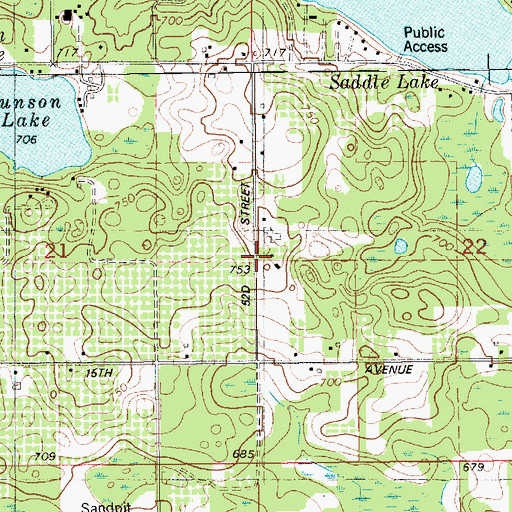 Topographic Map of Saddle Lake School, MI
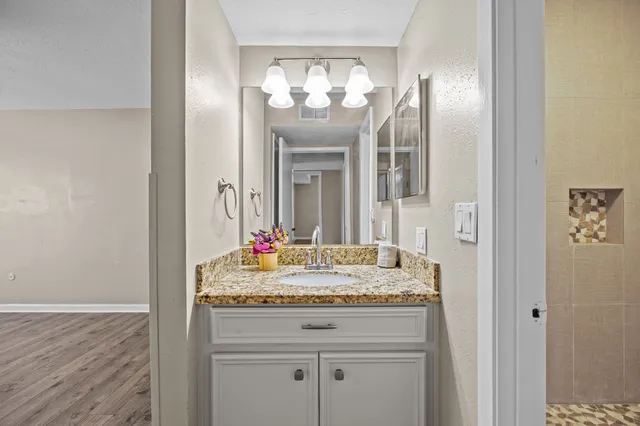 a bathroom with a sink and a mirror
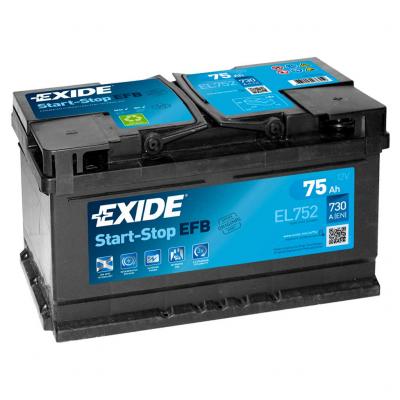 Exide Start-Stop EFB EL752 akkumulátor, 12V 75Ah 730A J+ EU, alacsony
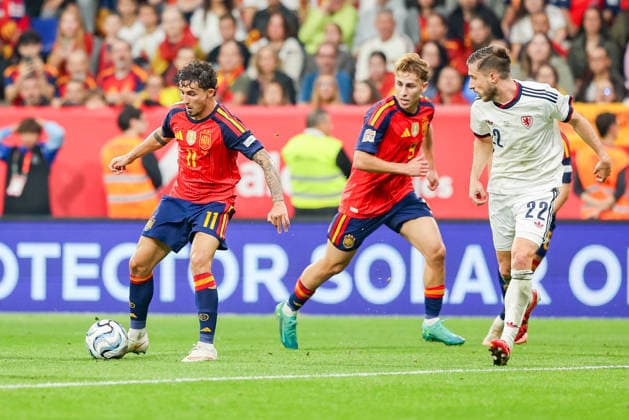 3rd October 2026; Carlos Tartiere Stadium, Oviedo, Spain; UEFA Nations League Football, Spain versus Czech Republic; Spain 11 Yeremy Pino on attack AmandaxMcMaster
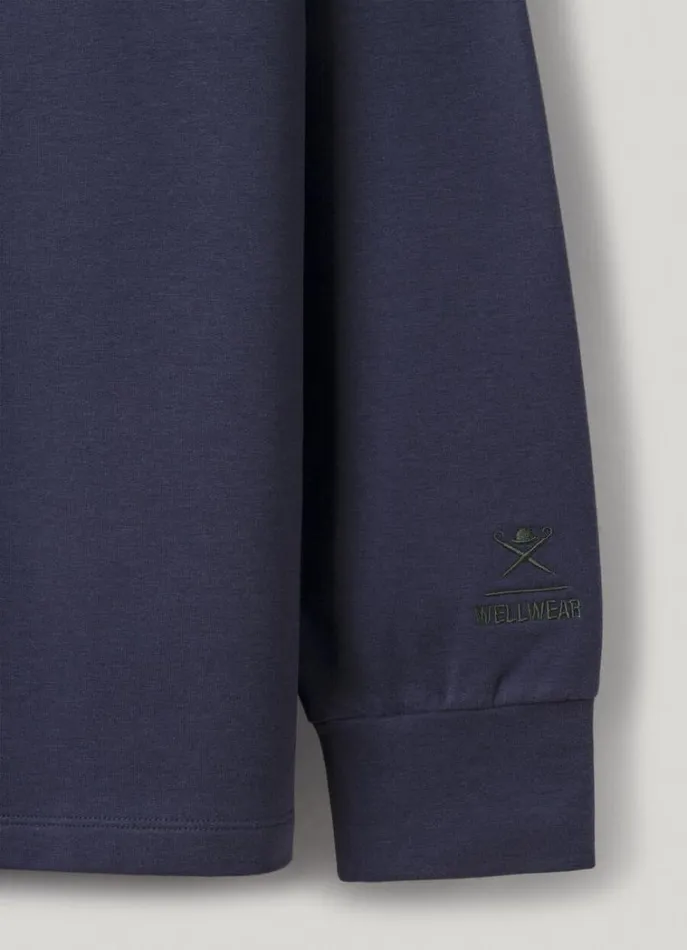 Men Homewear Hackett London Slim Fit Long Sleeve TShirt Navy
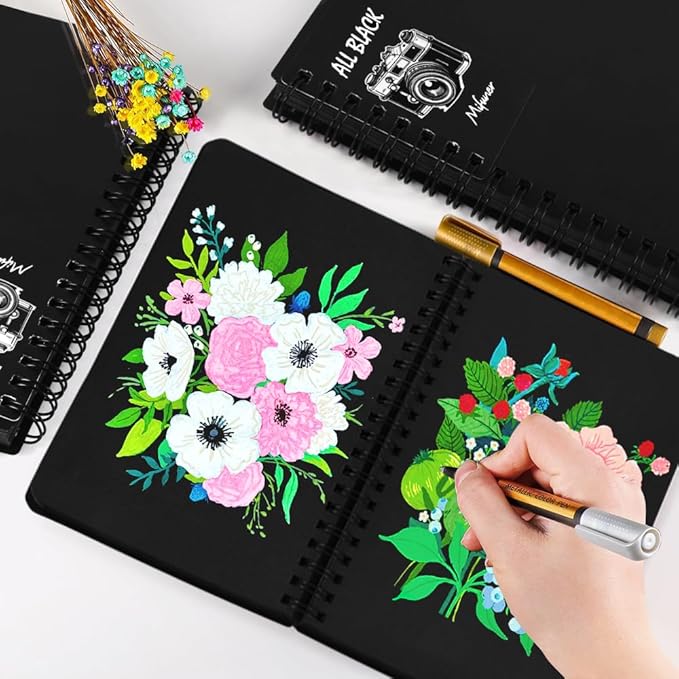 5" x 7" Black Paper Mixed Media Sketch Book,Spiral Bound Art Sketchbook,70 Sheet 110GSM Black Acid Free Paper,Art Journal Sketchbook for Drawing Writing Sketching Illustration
* * *
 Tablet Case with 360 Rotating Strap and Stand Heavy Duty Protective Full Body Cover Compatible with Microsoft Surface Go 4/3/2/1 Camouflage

WORK TO BE COMPLETED:
Only the lines above starting with the line with "3rd October 2026;" and going on through the line with "Men Homewear Hackett" belong in the answer; repeat them exactly, minus any picture.

WRITTEN SOLUTION:
 3rd October 2026; Carlos Tartiere Stadium, Oviedo, Spain; UEFA Nations League Football, Spain versus Czech Republic; Spain 11 Yeremy Pino on attack AmandaxMcMaster
 Men Homewear Hackett London Slim Fit Long Sleeve TShirt Navy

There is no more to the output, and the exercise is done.